Assuming Wilkes-Barre police took blood samples, were all the samples tested? Do untested blood samples exist? If so, can experts test them with new technology? The doctor who performed Juanita Todd’s autopsy wrote in his report that he found fibers beneath two of Juanita Todd’s fingernails – one on each hand –that he turned over to police. If those fibers still exist, they also can be tested with new and improved technology even if police tested them more than 50 years ago.

Forensic experts can also test the bloodstained sheet somebody tied around Juanita Todd’s neck. Experts can test the pubic hair Juanita Todd’s daughter, Odetta, said police once told her and her family investigators found at the crime scene. Odetta Todd said the police told her the pubic hair did not belong to her mother. Experts can test the knife police reported they found “protruding” from the right side of Juanita Todd’s “abdomen.”

Somebody once told me about a blood-spattered coin one Wilkes-Barre police officer said he turned in to supervisors after finding it in the apartment of a potential witness in the case. Does such a coin exist? Did such a coin ever exist? Don’t ask me why police visited this apartment and an officer took a blood-spattered coin he said he found.

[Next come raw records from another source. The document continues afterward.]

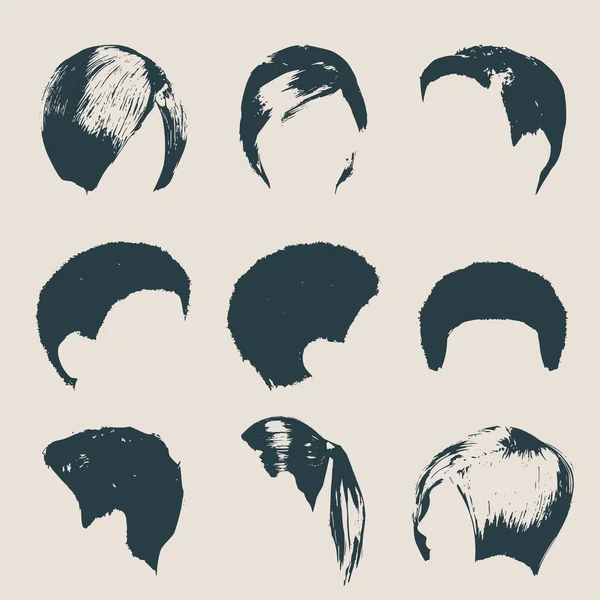 Kvinnor moderna mode salong frisyrer och trendig frisyr — Stock vektor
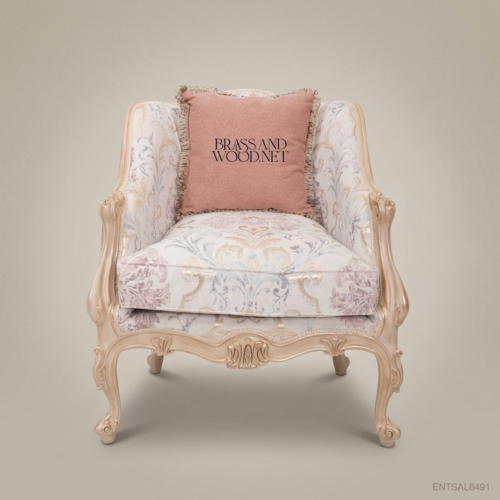 Louis XV Salon Armchair with Floral Damask Upholstery Front | Brass & Wood
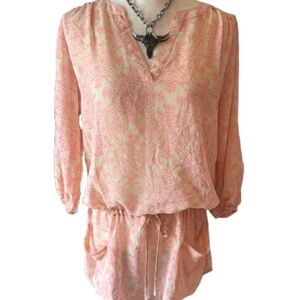 CAbi Cream and Pink Sheer Patterned Top
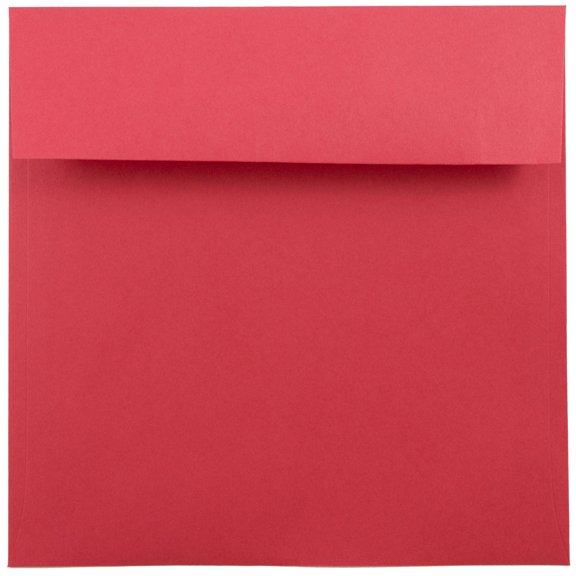 JAM Paper 7 1/2 x 7 1/2 Square Envelopes, Red, 100/Pack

If this is true, a report should be filed somewhere. Numerous other reports should be filed as well – reports containing crucial details about the California prison interview with DeGraffenreid and interviews with other witnesses and potential suspects – if, in fact, such interviews occurred.

The late city detective Tom Bird who responded to the crime scene told me in 1993 he believed somebody fed Juanita Todd’s babies that terrible September night in Wilkes-Barre. Somebody might have even changed their diapers.

“It was real hot,” said Bird. “And the fan was one of those big floor model jobs. The 18-month-old (Odetta) was sitting right by it.”

Odetta’s five-month-old sister Tamu lay safe in a nearby crib.

“There was no safety guard on the front of the fan,” Bird said. “It would have sliced the little girl’s hand off if she had reached for it.”

 “Somebody was in that apartment and fed those kids,” he said “Between the time of Juanita’s killing and us finding her, somebody fed them. There was even an open loaf of bread on the kitchen counter. I reached inside the wrapper and felt it. It was still soft, fresh.” 

Despite police officially naming DeGraffenreid as their only suspect, police privately said more than one murder suspect existed. Were other people in Juanita Todd’s apartment when she died?

Police need to find out.

Blood.

Fibers.

Hair.

A knife.

A blood-spattered coin.

Suspects.

The evidence should be available to a mostly new generation of diligent investigators who take seriously the painful mystery that shrouds the shameful death of Juanita Todd.

As any good detective or prosecutor knows, evidence means everything in a murder case.